The product, code-named Sentinel, involves a set of automated tools that handle some of the functions currently provided by AWS MSP partners, according to the sources.

"It is a very narrow use case but definitely signals their entrance into the MSP space," said one source familiar with the Sentinel offering.

[Related: Cloud Makes For Strange Bedfellows: Apple Signs On With Google, Cuts Spending With AWS]

Several MSPs that have built businesses around migrating, managing and automating enterprise workloads on the AWS cloud told CRN they're concerned that Sentinel could compete with their own offerings.

"MSPs generate long-term recurring revenue, which is highly sought after, so Sentinel is viewed as a competitive threat," said one partner who didn't want to be named. "Will AWS grow it over time and compete with its channel? I trust they won’t, but it’s going to be tough [for Amazon to say] no to the top customers who want buy services directly." 
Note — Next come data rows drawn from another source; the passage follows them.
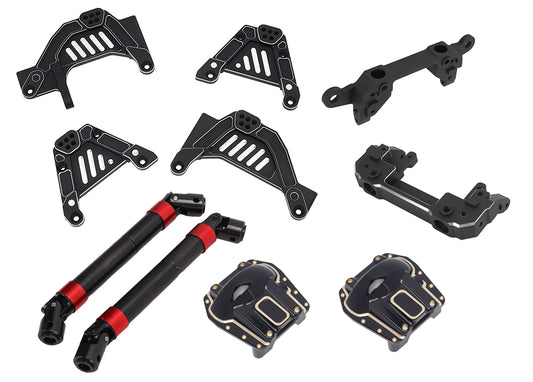 Alloy Machined Essential Suspension Conversion Set for Axial SCX6 Crawler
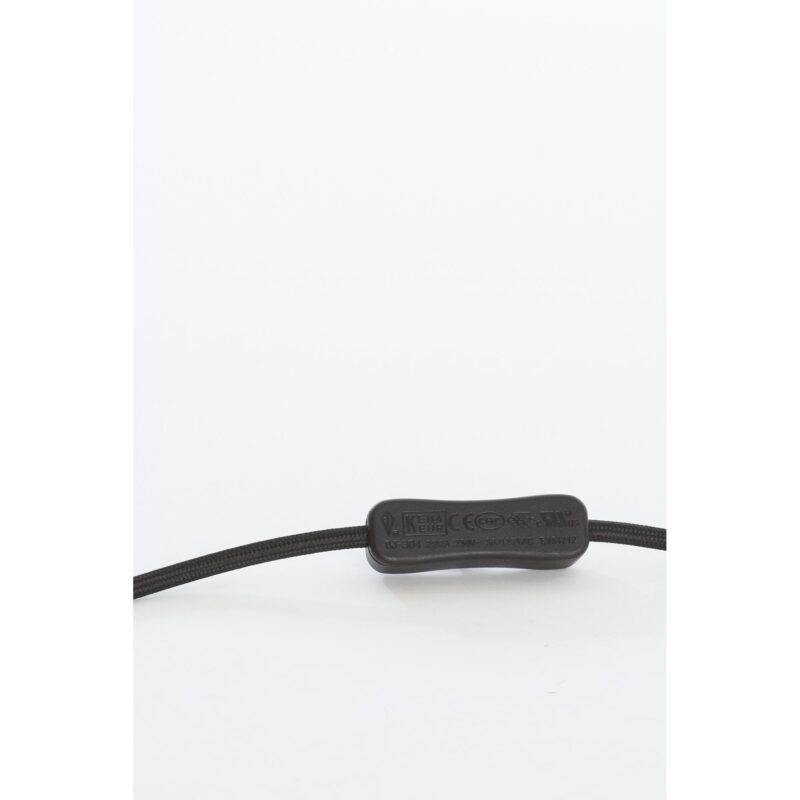 Lámpara de mesa Japandi marrón curva Light & Living Donio - Imagen 4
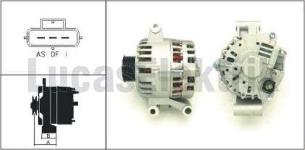 ALTERNATOR 12V 95A TRANSIT 2.4I V184 IV 2.0D - LUCAS LEA0174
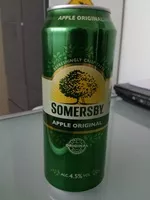 Socker och näringsämnen i Somersby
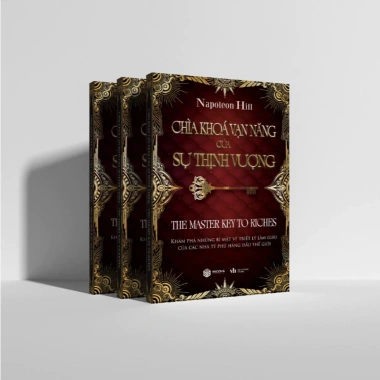 Sách Chìa khóa Vạn năng - Tư duy kinh doanh & phát triển bản thân 2.024, chỉ 138k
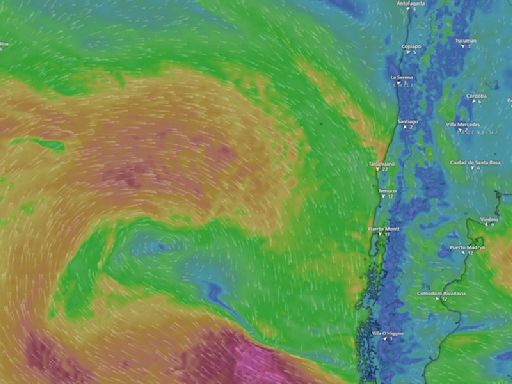 Sigue en vivo el avance del ciclón que ya llegó a Chile (y su recorrido para los próximos días) - La Tercera
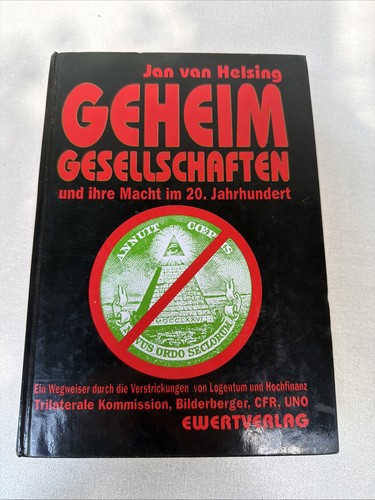 Geheimgesellschaften und ihre
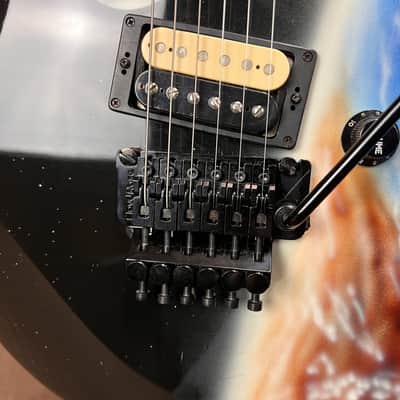 Kramer Baretta Limited Art Collection #42/62 Electric Guitar Space Graphic image 12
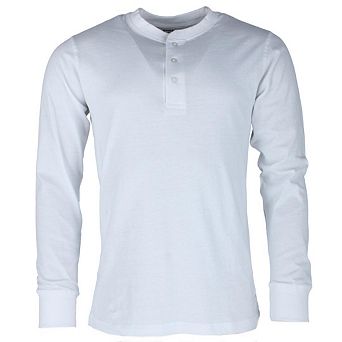Knocker Men's Crewneck Henley Lounge Top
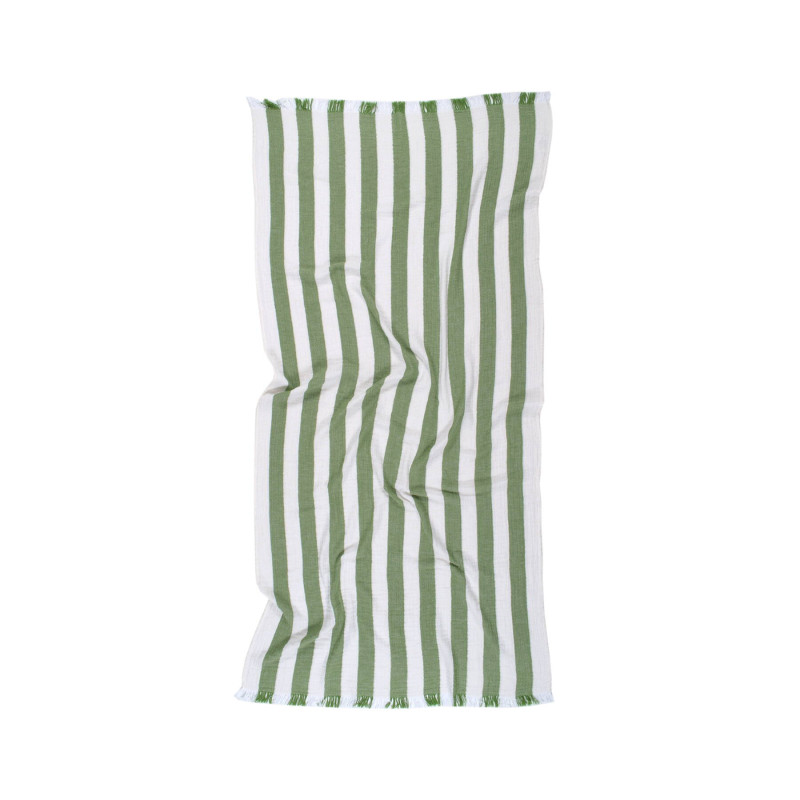 Пляжний рушник Lotus Home Costa muslin 90*175 зелений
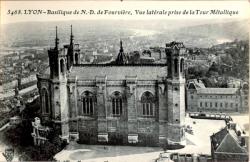 Lyon. - Basilique de N.-D. de Fourvière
AWS has invited a handful of MSP partners around the world to take part in the Sentinel beta, said the sources, adding that these partners will help customers get the service up and running in their environments. 

AWS is downplaying the potential for channel conflict, telling these MSPs it plans to sell Sentinel to only a handful of its largest customers, and that the product is designed for only a narrow set of simple workloads that don't include customized software, according to the sources.

"If you're a multinational company and you have some workloads that fit, and you would rather have AWS managing your infrastructure than someone else, you'll be able to buy Sentinel directly from AWS," one source with knowledge of the offering told CRN.

AWS has been working on Sentinel for more than a year, and possibly since as long ago as 2013, but the sources said the provider's timetable for launching the product isn't clear. 

An AWS spokeswoman told CRN in an emailed statement: "We don’t comment on rumors, but will note that we always build services with our partner ecosystem in mind, enabling our partners to leverage and extend whatever we build to create unique value-added solutions for customers."